Os feats com Bryson Tiller, Lil Wayne e vários outros são amados de norte a sul. “Industry Baby”, uma das melhores faixas de 2021, com Lil Nas X, rendeu ao MC três nomeações no último Grammy e diversos outros prêmios.
Então, o que dar a um homem mais do que respeito, sucesso, dinheiro e fama? Essa é a suposta busca do original de Louisville em seu novo disco, Come Home The Kids Miss You.
Ele faz pose de bad guy, tem o sexy appeal adorado por todos e é, de fato, um gigantesco produto, mas é intrínseco na personalidade do também produtor que o maior combustível de sua carreira é a gana pelo sucesso.
Se no debut Jack dissertou sobre o caminho até o topo, destrinchou suas “dificuldades” para ser aceito na indústria e relembrou a infância com família e amigos, neste segundo disco de estúdio o MC parece tentar lidar com vida pública e a paixão pela música com o cinismo de quem sempre soube que um dia alcançaria o estrelato. Soa como se o rapper tivesse escrito o roteiro de sua carreira há uma década atrás. E hoje o segue à risca.
Harlow é rap, é pop, não esconde seu amor por Justin Timberlake, basquete e até mesmo Ronaldinho Gaúcho; esse é um dos pontos altos aqui, a versatilidade de flows, trocadilhos e métricas de rimas para sempre dar um jeitinho de inserir uma referência da cultura pop numa track que tenta fazer o ouvinte se mexer.
É glamuroso, dinâmico e polido, mas quando se tenta olhar um pouquinho além da superfície, o sucessor de That’s What They All Say não surpreende. Há faixas que realmente merecem a atenção do ouvinte por suas composições (“Young Harleezy”, “Side Piece” e “State Fair”), mas, majoritariamente, Come Home The Kids Miss You é um ato complacente de vitória de Jack Harlow sobre ter realizado seu sonho de infância.
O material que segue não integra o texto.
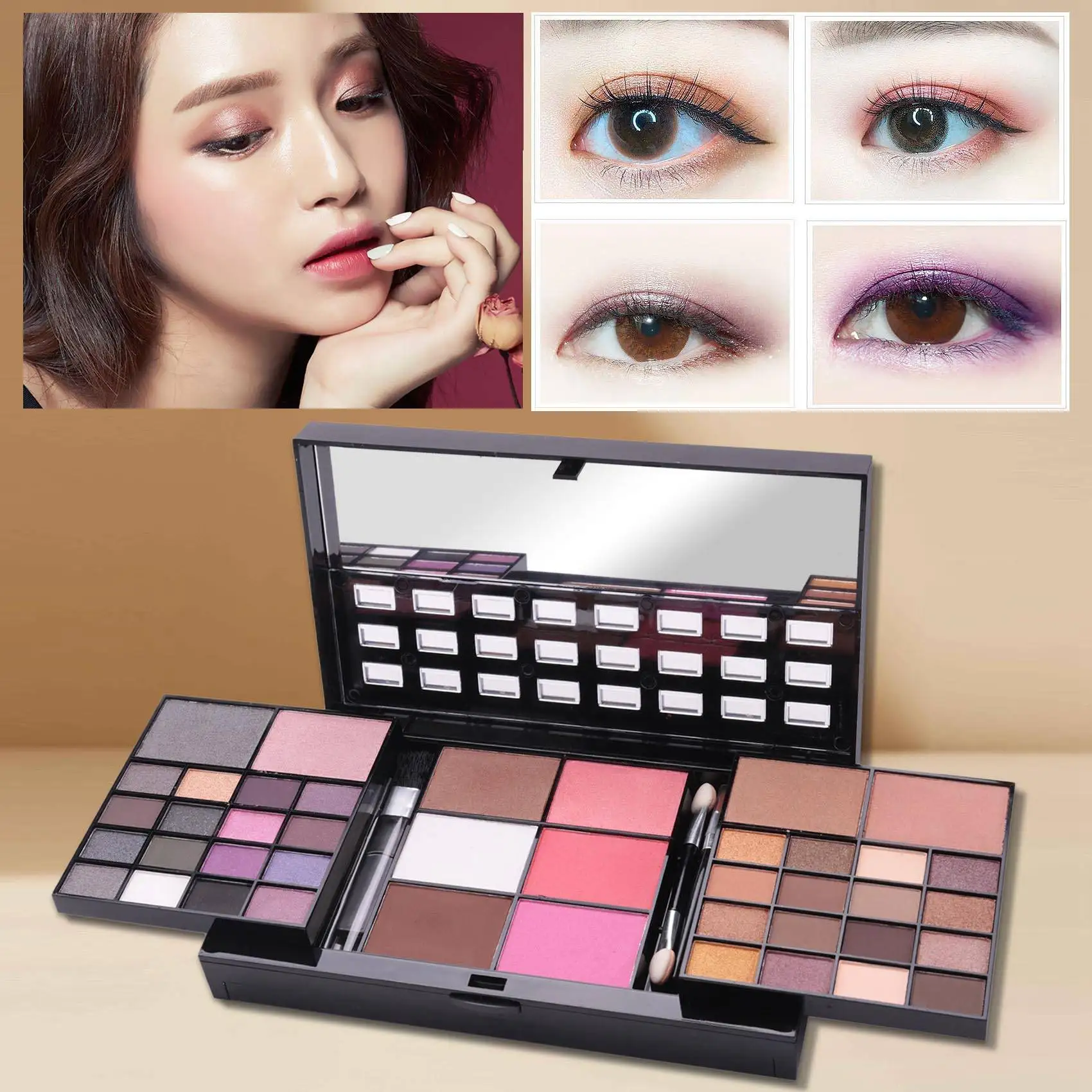 ABITメイクアップセットボックス 74色メイクアップキット 女性用コンビネーションキット アイシャドウ リップスティック グリッター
E só.
Ele utiliza samples de Fergie em “First Class” — clipe que traz a brasileira Anitta — e de Pharrell em “Side Piece”, conta com a participação de Snoop Dogg na intro “Talk of the Town” e até recruta o próprio Williams para a boa groovy-bass “Movie Star”. O time é incendiário, mas o resultado, num aspecto geral, é morno.
O álbum ganha brilho quando o rapper une forças a Drake em “Churchill Downs”, faixa a la “Do Not Disturb”, de 2017. Os versos de ambos são similares e muito agradáveis para grandes massas, ultrapassando a superficialidade e entregando boas reflexões acerca da vida de um popstar. Excelente track.
“Parent Trap” também merece destaque, com Justin Timberlake engrandecendo o som em um dos melhores refrões da carreira nos últimos anos (não que a tarefa fosse tão difícil assim, né?).
A love song “Lil Secret” explora a sonoridade Urban e agrada, mas são nos hits trap influenced “I’d Do Anything To Make You Smile” e “Dua Lipa“ que Jack convence e mostra por qual motivo é um dos artistas mais populares da atualidade: ele já sabe o que fazer para estar em evidência na indústria. É provocante, audacioso e instigante, por isso atrai tantos flashes e plays nas plataformas, mas mesmo assim não parece ser o bastante, pelo menos não por enquanto.
Ainda que Harlow possua todos os motivos para celebrar e convidar os ouvintes para festejar ao seu lado, as quinze tracks soam repetitivas, o que torna a experiência do ouvinte cansativa. Para quem está numa ascensão meteórica, não corresponde às expectativas.
O segundo álbum de estúdio da discografia não é um grande passo à frente de Jack Harlow em sua carreira, mas entrega faixas muito bem produzidas e que provavelmente serão figurinhas carimbadas nas maiores playlists e rádios por todo o planeta. Por fim, se a premissa for apenas comemorar a realização do sonho de um artista novo que ainda aparenta tentar entender o seu lugar entre a fama e a notoriedade, até que cumpre seu papel. Se tenta entregar algo a mais, falha.
Come Home The Kids Miss You justifica o sucesso de Harlow por seus bons hits e feats populares, mas ainda está bem longe de ser a obra que o fará ser lembrado. A dúvida que fica é: será que Jack ainda tem algo a mais a dizer? Tudo indica que sim, mas a caneta para escrever os próximos capítulos apenas ele próprio pode ter.